How can, in neural terms, this difference between speech and nonspeech conditions be understood? What is the critical difference between them? To investigate these issues, we propose a computational model to investigate the multimodal match-to-sample design. In particular, we target the connection strength between the two modalities as a possible source of the observed differences in the cross-modal matching of sounds. As basis for the match/nonmatch decision, we use the firing rates of the spiking neurons.
Because the match-to-sample paradigm does not allow us to draw conclusions about audiovisual integration mechanisms, we additionally simulate two further experimental conditions to target the integration of auditory and visual information. New behavioral data back up the predictive results of this simulation.
Cross-modal Matching (Schmid & Ziegler, 2006)

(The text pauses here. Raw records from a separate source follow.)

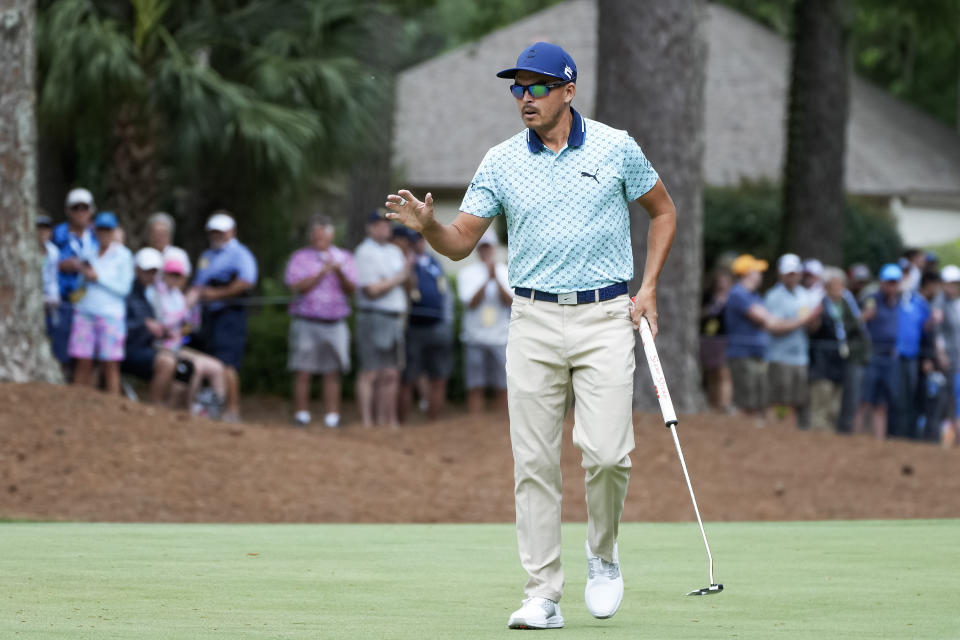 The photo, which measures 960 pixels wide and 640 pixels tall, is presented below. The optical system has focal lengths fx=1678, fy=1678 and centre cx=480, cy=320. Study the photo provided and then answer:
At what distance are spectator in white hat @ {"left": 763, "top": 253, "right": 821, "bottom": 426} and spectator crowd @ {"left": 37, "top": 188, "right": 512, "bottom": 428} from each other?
A: 9.74 ft

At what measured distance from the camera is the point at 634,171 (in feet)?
20.8

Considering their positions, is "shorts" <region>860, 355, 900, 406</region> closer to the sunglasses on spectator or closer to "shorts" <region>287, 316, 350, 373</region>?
"shorts" <region>287, 316, 350, 373</region>

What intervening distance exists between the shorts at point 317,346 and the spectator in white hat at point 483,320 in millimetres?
1272

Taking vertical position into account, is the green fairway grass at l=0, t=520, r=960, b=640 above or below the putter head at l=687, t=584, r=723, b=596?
below

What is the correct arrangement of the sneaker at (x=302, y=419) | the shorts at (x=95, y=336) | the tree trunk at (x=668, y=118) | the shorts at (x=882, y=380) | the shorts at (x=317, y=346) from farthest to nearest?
the shorts at (x=882, y=380)
the shorts at (x=317, y=346)
the sneaker at (x=302, y=419)
the tree trunk at (x=668, y=118)
the shorts at (x=95, y=336)

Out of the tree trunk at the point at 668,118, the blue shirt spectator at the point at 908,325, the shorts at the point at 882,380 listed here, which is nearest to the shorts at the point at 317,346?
the tree trunk at the point at 668,118

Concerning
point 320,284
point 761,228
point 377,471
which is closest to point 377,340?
point 320,284

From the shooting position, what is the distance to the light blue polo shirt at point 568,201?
20.4 feet

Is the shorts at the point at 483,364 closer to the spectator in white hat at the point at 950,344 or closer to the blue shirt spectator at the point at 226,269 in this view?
the blue shirt spectator at the point at 226,269

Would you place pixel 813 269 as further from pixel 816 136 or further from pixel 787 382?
pixel 816 136

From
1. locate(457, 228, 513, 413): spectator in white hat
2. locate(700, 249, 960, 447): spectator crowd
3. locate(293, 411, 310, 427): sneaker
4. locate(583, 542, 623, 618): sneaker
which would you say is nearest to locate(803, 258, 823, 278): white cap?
locate(700, 249, 960, 447): spectator crowd

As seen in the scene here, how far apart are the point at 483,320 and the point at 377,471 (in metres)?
4.06

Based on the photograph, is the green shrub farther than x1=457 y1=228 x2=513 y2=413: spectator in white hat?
Yes

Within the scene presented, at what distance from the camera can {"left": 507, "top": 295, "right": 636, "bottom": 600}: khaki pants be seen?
6.19 m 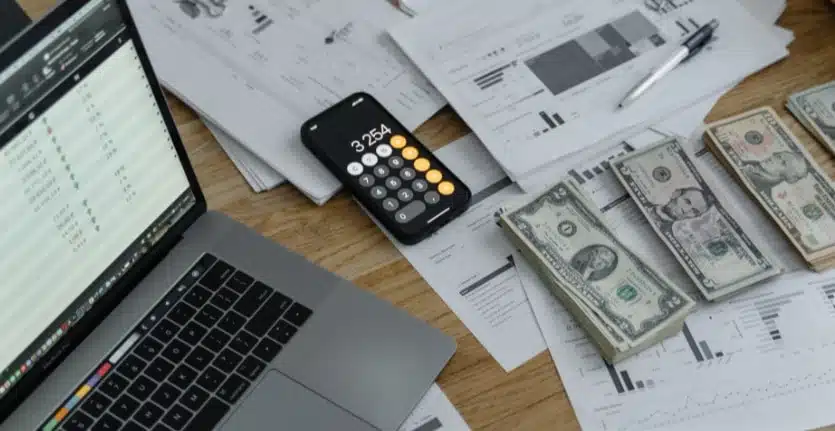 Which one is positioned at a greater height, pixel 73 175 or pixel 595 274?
pixel 73 175

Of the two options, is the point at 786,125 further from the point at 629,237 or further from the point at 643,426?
the point at 643,426

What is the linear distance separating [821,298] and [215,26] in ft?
1.97

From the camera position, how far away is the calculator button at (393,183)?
2.62 feet

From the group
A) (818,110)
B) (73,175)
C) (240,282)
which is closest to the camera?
(73,175)

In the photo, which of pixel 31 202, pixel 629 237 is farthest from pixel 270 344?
pixel 629 237

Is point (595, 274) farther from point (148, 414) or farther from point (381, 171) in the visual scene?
point (148, 414)

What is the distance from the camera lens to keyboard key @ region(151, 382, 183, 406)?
0.68 meters

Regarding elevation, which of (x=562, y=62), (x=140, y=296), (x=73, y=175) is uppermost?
(x=73, y=175)

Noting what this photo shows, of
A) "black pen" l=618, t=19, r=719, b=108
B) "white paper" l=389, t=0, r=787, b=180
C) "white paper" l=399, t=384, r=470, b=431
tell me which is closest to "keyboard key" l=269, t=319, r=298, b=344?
"white paper" l=399, t=384, r=470, b=431

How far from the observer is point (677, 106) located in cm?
86

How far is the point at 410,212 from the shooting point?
2.56 feet

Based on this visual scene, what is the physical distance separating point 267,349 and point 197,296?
0.07 meters

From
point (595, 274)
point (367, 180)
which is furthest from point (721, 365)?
point (367, 180)

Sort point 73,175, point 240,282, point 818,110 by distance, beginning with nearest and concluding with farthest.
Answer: point 73,175 < point 240,282 < point 818,110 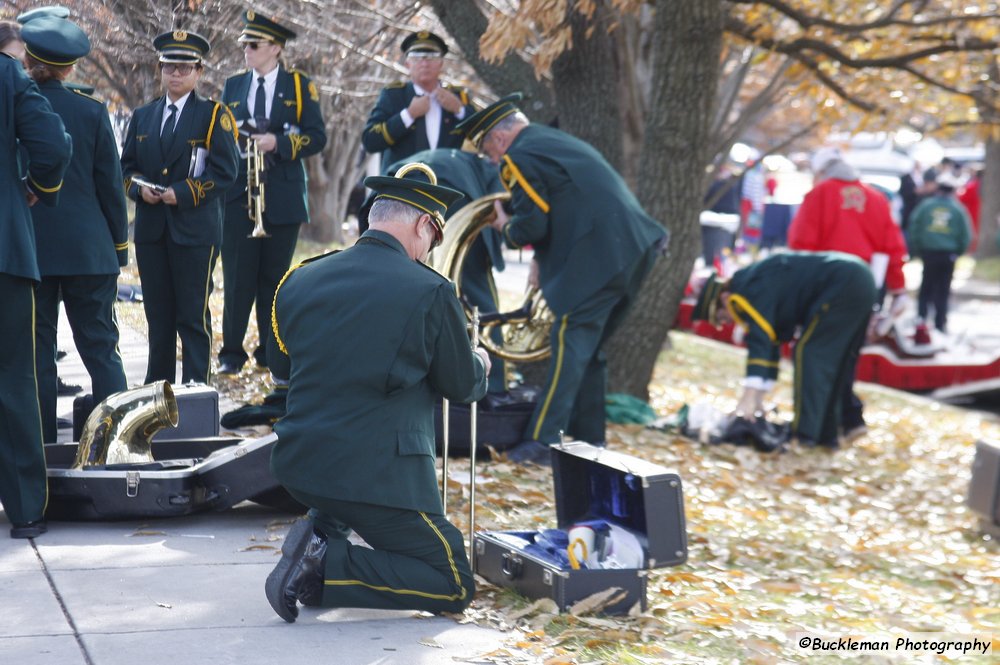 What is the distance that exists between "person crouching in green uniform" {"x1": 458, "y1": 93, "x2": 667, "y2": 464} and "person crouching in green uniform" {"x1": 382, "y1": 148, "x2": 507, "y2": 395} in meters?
0.38

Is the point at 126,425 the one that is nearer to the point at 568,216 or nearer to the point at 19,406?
the point at 19,406

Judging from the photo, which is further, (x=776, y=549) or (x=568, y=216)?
(x=568, y=216)

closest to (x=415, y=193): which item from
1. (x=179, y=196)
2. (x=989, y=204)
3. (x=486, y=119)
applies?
(x=179, y=196)

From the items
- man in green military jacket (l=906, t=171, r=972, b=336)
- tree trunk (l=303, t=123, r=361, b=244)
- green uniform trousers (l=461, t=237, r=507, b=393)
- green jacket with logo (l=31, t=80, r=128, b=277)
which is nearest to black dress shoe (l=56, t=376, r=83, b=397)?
green jacket with logo (l=31, t=80, r=128, b=277)

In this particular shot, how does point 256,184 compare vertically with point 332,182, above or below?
below

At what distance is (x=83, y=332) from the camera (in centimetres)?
648

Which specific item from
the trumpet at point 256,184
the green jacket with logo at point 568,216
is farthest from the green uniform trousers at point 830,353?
the trumpet at point 256,184

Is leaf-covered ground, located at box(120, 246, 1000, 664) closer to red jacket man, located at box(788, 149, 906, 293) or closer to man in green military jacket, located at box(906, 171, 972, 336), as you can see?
red jacket man, located at box(788, 149, 906, 293)

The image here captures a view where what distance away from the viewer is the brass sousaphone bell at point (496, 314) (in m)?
7.90

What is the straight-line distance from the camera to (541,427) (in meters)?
7.89

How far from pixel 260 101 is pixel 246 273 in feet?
3.33

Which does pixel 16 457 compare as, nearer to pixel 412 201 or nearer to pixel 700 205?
pixel 412 201

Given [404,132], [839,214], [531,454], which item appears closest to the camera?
[531,454]

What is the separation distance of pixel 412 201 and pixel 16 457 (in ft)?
6.47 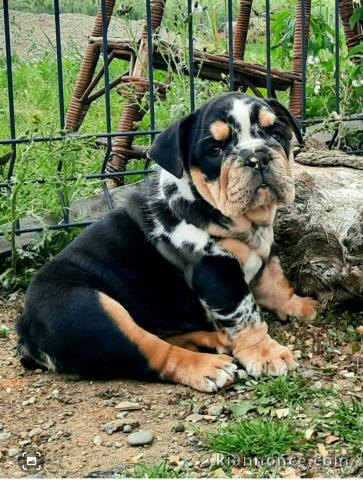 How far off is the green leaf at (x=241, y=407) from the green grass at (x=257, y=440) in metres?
0.24

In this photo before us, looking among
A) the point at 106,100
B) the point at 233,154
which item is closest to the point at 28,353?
the point at 233,154

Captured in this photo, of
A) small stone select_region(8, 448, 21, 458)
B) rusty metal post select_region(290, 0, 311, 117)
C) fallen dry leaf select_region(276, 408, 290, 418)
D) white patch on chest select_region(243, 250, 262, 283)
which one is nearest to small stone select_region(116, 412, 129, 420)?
small stone select_region(8, 448, 21, 458)

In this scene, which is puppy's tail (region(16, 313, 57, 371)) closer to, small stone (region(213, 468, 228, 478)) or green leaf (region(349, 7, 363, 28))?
small stone (region(213, 468, 228, 478))

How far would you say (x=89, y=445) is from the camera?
3.83m

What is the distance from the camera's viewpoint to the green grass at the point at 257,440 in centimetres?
357

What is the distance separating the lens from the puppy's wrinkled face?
4.27 meters

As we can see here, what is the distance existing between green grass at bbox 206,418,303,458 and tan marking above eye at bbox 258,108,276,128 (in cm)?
149

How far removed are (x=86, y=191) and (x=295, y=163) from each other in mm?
1757

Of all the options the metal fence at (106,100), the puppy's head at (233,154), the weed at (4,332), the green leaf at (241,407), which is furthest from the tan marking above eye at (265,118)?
the weed at (4,332)

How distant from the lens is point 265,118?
436 cm

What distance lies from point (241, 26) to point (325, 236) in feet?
10.4

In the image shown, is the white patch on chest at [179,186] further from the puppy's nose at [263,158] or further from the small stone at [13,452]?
the small stone at [13,452]

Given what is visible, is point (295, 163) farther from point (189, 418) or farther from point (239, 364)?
point (189, 418)

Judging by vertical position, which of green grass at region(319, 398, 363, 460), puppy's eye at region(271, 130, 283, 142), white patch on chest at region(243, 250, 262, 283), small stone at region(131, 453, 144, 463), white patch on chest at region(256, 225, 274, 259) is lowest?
small stone at region(131, 453, 144, 463)
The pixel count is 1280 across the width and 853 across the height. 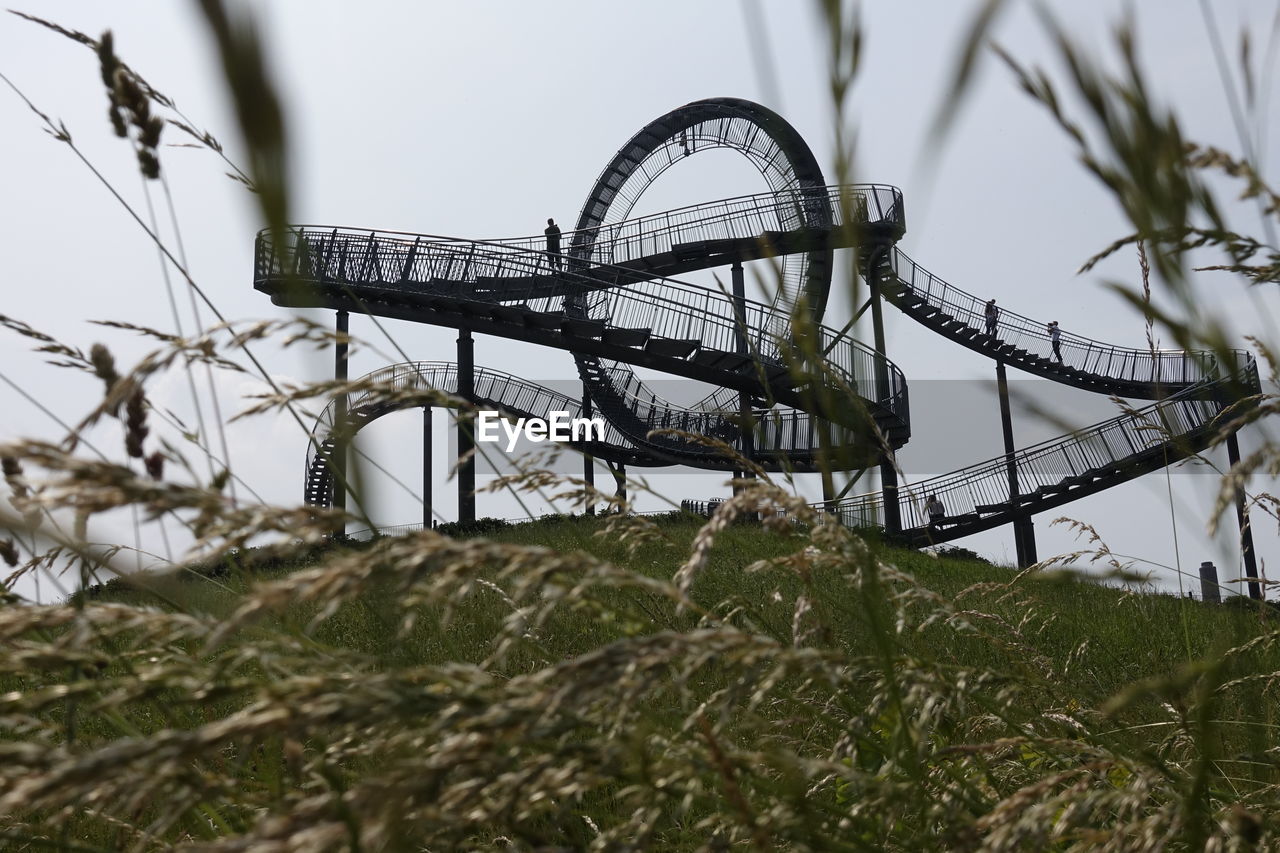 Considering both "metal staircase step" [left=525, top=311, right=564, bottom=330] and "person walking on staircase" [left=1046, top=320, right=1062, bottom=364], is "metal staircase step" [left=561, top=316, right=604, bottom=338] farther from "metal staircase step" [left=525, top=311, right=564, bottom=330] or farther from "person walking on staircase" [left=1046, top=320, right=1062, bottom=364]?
"person walking on staircase" [left=1046, top=320, right=1062, bottom=364]

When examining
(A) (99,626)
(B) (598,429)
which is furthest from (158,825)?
(B) (598,429)

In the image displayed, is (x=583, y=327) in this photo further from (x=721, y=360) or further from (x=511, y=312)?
(x=721, y=360)

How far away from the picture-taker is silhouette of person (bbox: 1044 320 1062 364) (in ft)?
89.3

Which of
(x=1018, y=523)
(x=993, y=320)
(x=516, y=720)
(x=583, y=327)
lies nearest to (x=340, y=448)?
(x=516, y=720)

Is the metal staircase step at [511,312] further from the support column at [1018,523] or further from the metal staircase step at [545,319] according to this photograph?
the support column at [1018,523]

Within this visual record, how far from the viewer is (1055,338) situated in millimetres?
27344

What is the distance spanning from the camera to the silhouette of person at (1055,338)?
27219 mm

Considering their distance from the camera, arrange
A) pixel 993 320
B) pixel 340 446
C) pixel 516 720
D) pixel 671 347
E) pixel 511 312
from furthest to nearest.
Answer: pixel 993 320 → pixel 511 312 → pixel 671 347 → pixel 340 446 → pixel 516 720

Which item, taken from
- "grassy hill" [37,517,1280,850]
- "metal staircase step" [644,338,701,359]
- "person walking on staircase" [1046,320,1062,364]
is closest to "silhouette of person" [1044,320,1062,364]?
"person walking on staircase" [1046,320,1062,364]

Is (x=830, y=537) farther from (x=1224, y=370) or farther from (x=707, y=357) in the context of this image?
(x=707, y=357)

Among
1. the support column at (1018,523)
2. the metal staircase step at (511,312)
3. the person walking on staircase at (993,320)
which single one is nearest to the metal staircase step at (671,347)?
the metal staircase step at (511,312)

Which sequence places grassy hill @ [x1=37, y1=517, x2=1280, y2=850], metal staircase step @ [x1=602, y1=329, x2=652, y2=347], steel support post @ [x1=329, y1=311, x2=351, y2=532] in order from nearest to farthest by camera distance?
grassy hill @ [x1=37, y1=517, x2=1280, y2=850], steel support post @ [x1=329, y1=311, x2=351, y2=532], metal staircase step @ [x1=602, y1=329, x2=652, y2=347]

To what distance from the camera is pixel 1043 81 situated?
795mm

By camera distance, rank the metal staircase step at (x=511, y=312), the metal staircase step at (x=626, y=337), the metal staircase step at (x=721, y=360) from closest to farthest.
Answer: the metal staircase step at (x=721, y=360) → the metal staircase step at (x=626, y=337) → the metal staircase step at (x=511, y=312) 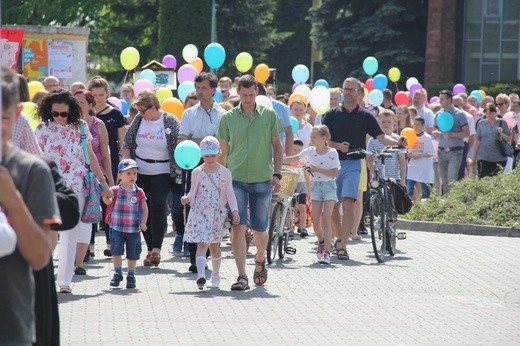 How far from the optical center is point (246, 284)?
1284cm

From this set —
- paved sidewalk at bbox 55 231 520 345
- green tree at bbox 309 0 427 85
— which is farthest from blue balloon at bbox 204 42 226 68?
green tree at bbox 309 0 427 85

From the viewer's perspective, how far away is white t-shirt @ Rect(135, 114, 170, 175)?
14742 mm

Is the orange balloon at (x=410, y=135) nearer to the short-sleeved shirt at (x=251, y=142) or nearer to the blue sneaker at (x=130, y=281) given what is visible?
the short-sleeved shirt at (x=251, y=142)

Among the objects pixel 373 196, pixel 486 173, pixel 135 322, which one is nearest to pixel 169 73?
pixel 486 173

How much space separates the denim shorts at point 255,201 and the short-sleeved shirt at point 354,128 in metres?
2.98

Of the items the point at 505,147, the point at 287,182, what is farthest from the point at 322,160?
the point at 505,147

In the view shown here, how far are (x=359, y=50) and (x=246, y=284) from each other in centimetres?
3714

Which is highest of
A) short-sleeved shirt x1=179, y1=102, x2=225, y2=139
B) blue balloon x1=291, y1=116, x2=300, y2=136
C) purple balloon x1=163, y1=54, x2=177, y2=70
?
purple balloon x1=163, y1=54, x2=177, y2=70

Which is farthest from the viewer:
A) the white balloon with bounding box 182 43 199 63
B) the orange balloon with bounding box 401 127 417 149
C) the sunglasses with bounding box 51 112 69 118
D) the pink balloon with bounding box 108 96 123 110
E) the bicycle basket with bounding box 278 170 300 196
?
the white balloon with bounding box 182 43 199 63

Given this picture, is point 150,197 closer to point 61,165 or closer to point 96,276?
point 96,276

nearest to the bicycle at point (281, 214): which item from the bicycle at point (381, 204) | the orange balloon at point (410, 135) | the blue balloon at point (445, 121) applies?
the bicycle at point (381, 204)

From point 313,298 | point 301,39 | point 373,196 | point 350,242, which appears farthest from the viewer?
point 301,39

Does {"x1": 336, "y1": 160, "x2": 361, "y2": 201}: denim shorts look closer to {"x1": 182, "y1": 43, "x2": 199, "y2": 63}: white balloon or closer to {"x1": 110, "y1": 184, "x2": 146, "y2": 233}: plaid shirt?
{"x1": 110, "y1": 184, "x2": 146, "y2": 233}: plaid shirt

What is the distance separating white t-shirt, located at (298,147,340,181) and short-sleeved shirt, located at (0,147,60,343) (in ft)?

The cross-modal matching paradigm was implemented in an experiment by Schmid and Ziegler (2006) and is the basis of the presented computational model. This experiment was based on pairs of speech (syllables) and nonspeech stimuli (sound-producing oral movements such as clicks, whistles, etc.). For the speech domain, we chose two pairs of reduplicated syllables. In one pair the distinctive feature was manner of articulation (/p/ vs. /f/) and in the other pair it was liprounding (/i/ vs. /y/). Because the visible gestures relating to these distinctions can be very short and because the critical mouth movement might interfere with a weakly specified onset position, the distinctive phonemes were embedded in syllables, and the syllables were produced in a reduplicated manner. Hence, for the manner distinction, we used the stimuli /apap/ versus /afaf/, and for the rounding distinction, we used the stimuli /nini/ and /nyny/. For the nonspeech domain, we chose a set of stimuli with comparable features. For the manner distinction, two bilabial stimuli were selected, namely, “kiss” and “whistle.” The rounding pair consisted of two alveolar clicks, one produced with spread lips and one with rounded lips. Analogous to the speech domain, the nonspeech stimuli were produced in a reduplicated manner as well.
The experimental task was to indicate, via keypress, whether two sequentially presented stimuli were equal (match-to-sample design). The two stimuli of a pair were presented with an ISI of 1 sec in order to prevent fusions or combinations to occur. Stimuli were presented in three modalities (see Figure 1): (1) unimodal visual (V), that is, both stimuli were mute video clips, and unimodal auditory (A), that is, both stimuli contained only the sound, with a gray square on the screen; (2) bimodal (AV), that is, both stimuli contained visual and auditory information; and (3) cross-modal (A × V), with the first stimulus being purely auditory and the second purely visual (Figure 1). Subjects were required to indicate, by pressing the appropriate key, if the two events they heard or saw were the same. In the cross-modal condition (A × V), participants had to decide whether the first stimulus (auditory) matched the second stimulus (visual). A total of 14 neurologically healthy subjects [9 men, 5 women; age (median) = 53 years, range = 34–67 years] took part in the study. For the analysis in this article, the unimodal visual and unimodal auditory conditions of this experiment were combined because we do not distinguish between modalities in the model presented here.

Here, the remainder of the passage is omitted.